Equal surface areas — sphere vs cube, find volume ratio: A sphere and a cube have the same surface area. What is the ratio of the volume of the sphere to the volume of the cube?

Introduction / Context:
This is a comparison of two solids under an equal-surface-area constraint.

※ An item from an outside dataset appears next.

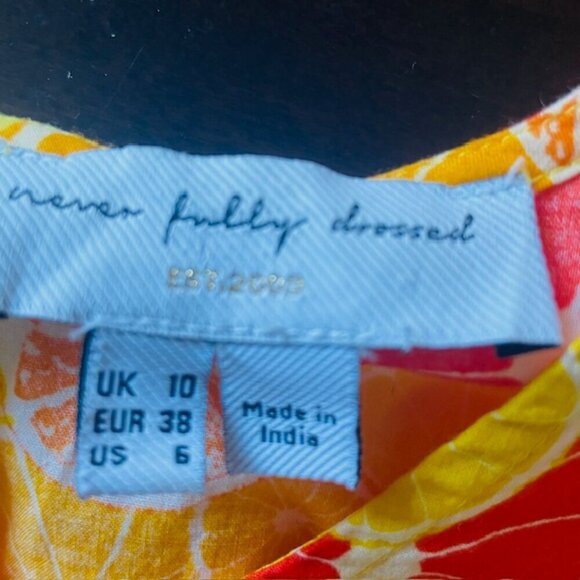Never Fully Dressed St Clements Mini Dress Citrus Print Orange Fruit Sz 6 - Picture 7 of 9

Express both volumes in terms of a single parameter using the surface-area equality, then take the ratio.

Given Data / Assumptions:

• Sphere: surface area S_s = 4πr^2, volume V_s = (4/3)πr^3
• Cube: surface area S_c = 6a^2, volume V_c = a^3
• Set 4πr^2 = 6a^2 ⇒ r^2/a^2 = 3/(2π)

Concept / Approach:
Write V_s/V_c = [(4/3)π r^3]/a^3 = (4/3)π (r^2/a^2)^{3/2} and substitute r^2/a^2 from the surface-area equality.

Step-by-Step Solution:
V_s/V_c = (4/3)π * (3/(2π))^{3/2}= (4/3)π * [3√3/(2√2 * π√π)]= √6/√π

Verification / Alternative check:
Numerically, √6/√π ≈ 2.449/1.772 ≈ 1.382, a reasonable constant ratio.

Why Other Options Are Wrong:
1:2 and 3:1 are arbitrary; 6:π confuses square roots and direct factors.

Common Pitfalls:
Forgetting the 3/2 power when converting from area to volume ratios.

Final Answer:
√6 : √π